[DATA FOR THIS EXERCISE]

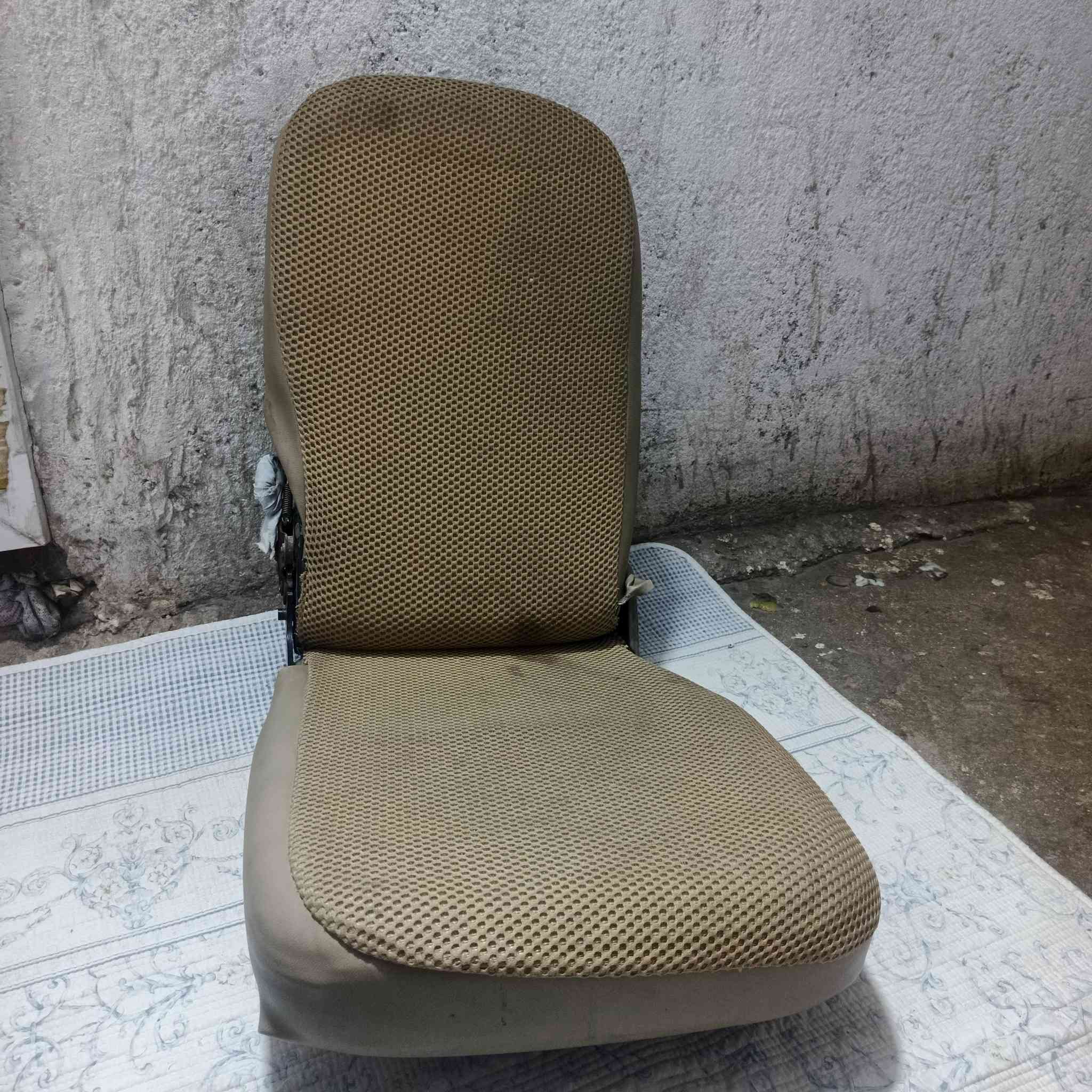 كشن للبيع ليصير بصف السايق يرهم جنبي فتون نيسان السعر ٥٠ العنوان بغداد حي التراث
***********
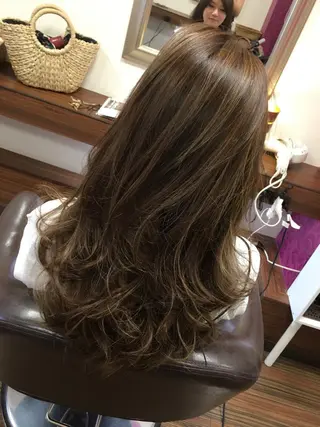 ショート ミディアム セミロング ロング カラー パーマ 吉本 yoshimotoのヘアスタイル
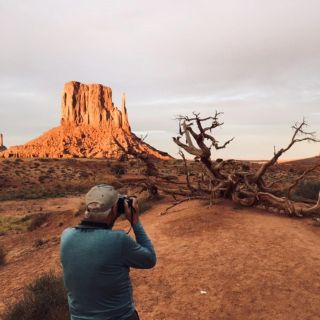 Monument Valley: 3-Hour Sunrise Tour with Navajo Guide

[/DATA FOR THIS EXERCISE]
[DATA FOR THIS EXERCISE]

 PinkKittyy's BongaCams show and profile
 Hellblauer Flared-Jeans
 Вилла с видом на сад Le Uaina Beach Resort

[/DATA FOR THIS EXERCISE]

[ASSIGNED TASK] Quote the data above exactly from the line with "كشن للبيع ليصير" to the line with "Monument Valley: 3-Hour", both ends counted, and nothing else. Pictures don't go in.

[ANSWER TO THIS EXERCISE]
 كشن للبيع ليصير بصف السايق يرهم جنبي فتون نيسان السعر ٥٠ العنوان بغداد حي التراث
***********
 ショート ミディアム セミロング ロング カラー パーマ 吉本 yoshimotoのヘアスタイル
 Monument Valley: 3-Hour Sunrise Tour with Navajo Guide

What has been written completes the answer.